Religious experts advise companies on whether their products and services comply with the Koran’s tenets. Under Bank Negara Malaysia regulations, a Shariah scholar can only sit on one board for each type of Islamic financial institution, meaning they can only advise one bank or insurer.
In most countries there’s no limit to the number of companies an expert can assist. One Syrian scholar was advising 101 financial institutions, standard-setting bodies and other entities, according to a 2011 report by Funds@Work AG, an investment research company based near Frankfurt.
The Malaysian single board rule has led to a shortage of scholars, according to Baiza Bain, the Kuala Lumpur-based managing director at Amanie. Demand for advice has increased as the nation’s Islamic banking assets climbed 6.3 percent to $162 billion in May from the end of last year, figures from the Malaysia International Islamic Financial Centre show.
“What the liability that’s presented by the Act does is to actually put more emphasis on training or retraining of experts,” Baiza said in an interview yesterday. “Financial institutions would have to put a higher standard of care because they know that the Shariah advisers are not going to just sit there and stamp whatever they have produced.”
Worldwide sales of sukuk, which pay returns on assets to comply with Islam’s ban on interest, have declined 35 percent to $21 billion so far in 2013 from the same period in 2012, data compiled by Bloomberg show. Issuance totaled a record $46.5 billion for the whole of last year.
The average yield on global Shariah-compliant securities rose nine basis points, or 0.09 percentage point, to 3.93 percent in the first two days of this week, according to the HSBC/Nasdaq Dubai US Dollar Sukuk Index. The difference in yield between the London interbank offered rate, or Libor, widened seven basis points to 192 basis points.

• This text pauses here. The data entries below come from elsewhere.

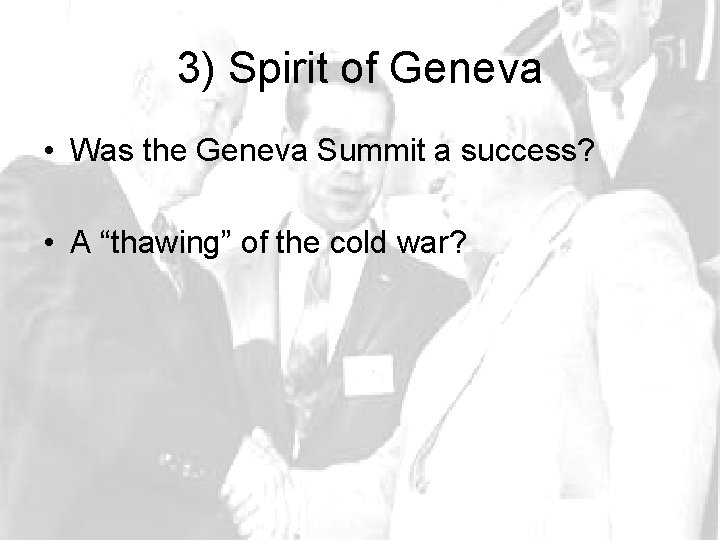 3) Spirit of Geneva • Was the Geneva Summit a success? • A “thawing”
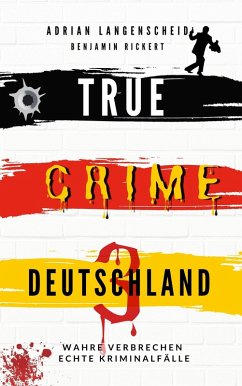 TRUE CRIME DEUTSCHLAND 3 (eBook, ePUB) - Langenscheid, Adrian; Rickert, Benjamin; Löschmann, Stefanie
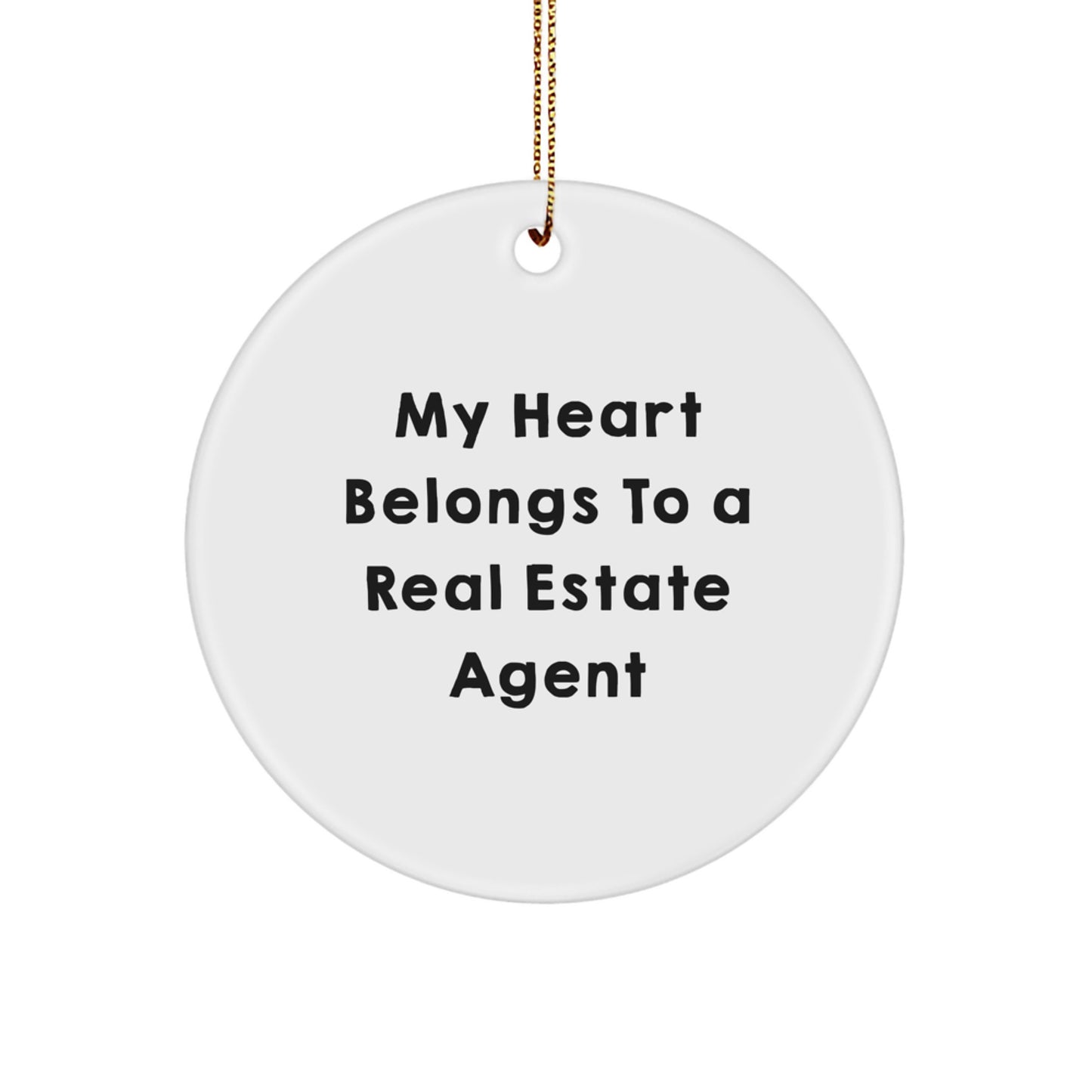 Funny Real Estate Agent Gifts from Friends - My Heart Belongs To A Real Estate Agent Christmas Unique Circle Ornament - Image 1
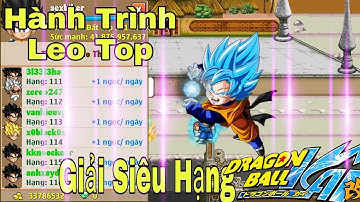 Ngọc Rồng Online - Leo Top Đại Hội Võ Thuật Giải Siêu Hạng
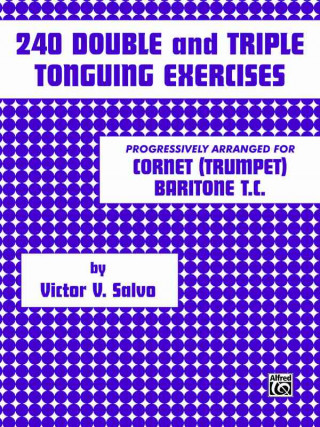 Carte 240 Double and Triple Tonguing Exercises: An Introduction to the Art of Double and Triple Tonguing Victor V. Salvo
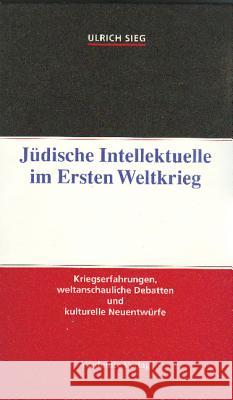 Jüdische Intellektuelle im Ersten Weltkrieg Ulrich Sieg 9783050035420 de Gruyter - książka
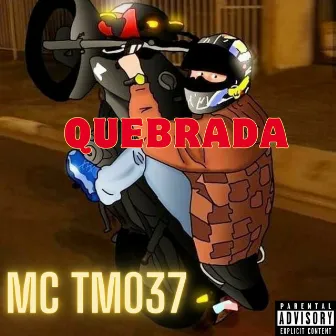 Quebrada by MC TM037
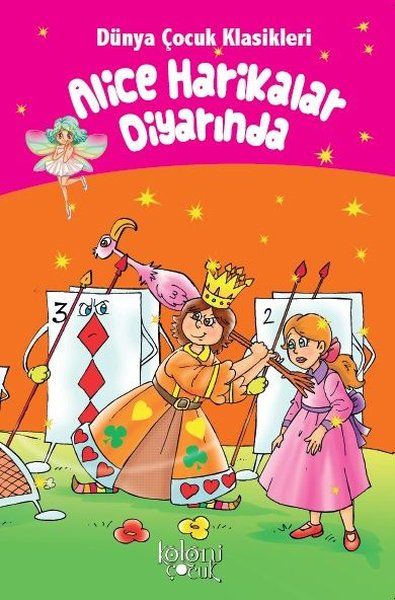 Alice Harikalar Diyarında - Muhammed T. Karaca kitap kapağı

The debt lost 1.3 percent in 2013, the HSBC/Nasdaq gauge shows, while emerging-market securities dropped 9.2 percent, according to JPMorgan Chase & Co.’s EMBI Global Index.
Goldman Sachs set up a sukuk program based on a so-called commodity Murabaha structure, or a cost plus mark-up transaction, that was approved for listing on the Irish Stock Exchange by the Central Bank of Ireland in October 2011. Goldman declined to provide any more details on the debt, it said in an e-mailed response to Bloomberg yesterday.
In 2007, BLOM Development Bank SAL of Lebanon signed a contract with Investment Dar Co. to place a Wakalah deposit, where capital is raised to acquire assets that are entrusted to an agent. BLOM sued Investment Dar after the Kuwaiti company missed a payment on its deposit. Investment Dar contradicted its own scholars’ assessment and argued the financing from BLOM breached Shariah principles because Dar “was taking deposits at interest,” according to a court document.
The new Malaysian regulation would raise the standard of advice and level of services dispensed by religious experts, according to Mohamad Akram Laldin, a member of the Malaysian central bank’s Shariah Advisory Council.
“People will be more aware of their duties and responsibilities,” Akram said in an Aug. 15 interview in Kuala Lumpur. “This means that before they sign off on certain things, they will think twice.”